Within this broader effort, SGC plays a central role in the Gates Foundation’s Contraceptive Drug Accelerator, a global network of academic labs working to identify and validate new drug targets for nonhormonal contraception. At Carolina, Willson’s team is focused on phosphoglycerate kinase 2, a sperm-specific glycolytic enzyme critical for energy production and sperm motility.

“What makes PGK2 so interesting is that it’s almost exclusively expressed in sperm cells,” Willson explained. “We suspect that if you can selectively inhibit this enzyme, the sperm can’t generate the energy they need to function.”

The idea is that a woman could take a nonhormonal pill that reaches sufficient concentrations in the reproductive tract to temporarily inhibit PGK2 in sperm. Without the ability to generate adenosine triphosphate — the energy source sperm need to swim — the sperm would be unable to reach or fertilize the egg. Because PGK2 is almost exclusively found in sperm cells, targeting it could avoid many of the systemic side effects associated with hormonal contraceptives.

“That specificity is the goal,” Willson said. “We’re trying to shut down sperm function without interfering with the hormonal cycles that regulate women’s health.”

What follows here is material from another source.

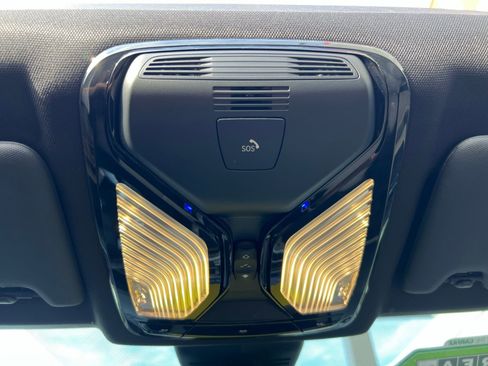 Used 2020 BMW 330i xDrive Sedan w/ Premium Package image 34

True to the SGC’s open science philosophy, all aspects of the project, from chemistry to biology to data sharing, are conducted openly, with no intellectual property restrictions. An international team of chemists and biologists at Carolina, Baylor College of Medicine in Texas and the Institute for Stem Cell Science and Regenerative Medicine in Bangalore, India, meet weekly to share data, compounds and ideas in real time.

“That’s where you really see open science at work,” Willson said. “Every compound we make and every dataset we generate is shared immediately, which allows us to move incredibly fast.”

Since launching the effort in May 2025, the team has already developed a set of five highly selective probe compounds, which is an unusually rapid timeline in early-stage drug discovery. These probes are now being distributed across the Gates Foundations CoDA network for biological testing in models of sperm function.

“At the end of the day, the more we understand about human biology, the better drugs we can make,” Willson said. “Open science removes barriers and lets the best ideas rise to the top.”

If successful, the work could help lay the foundation for a new contraceptive option, while offering a powerful example for how open, global collaboration can accelerate drug discovery.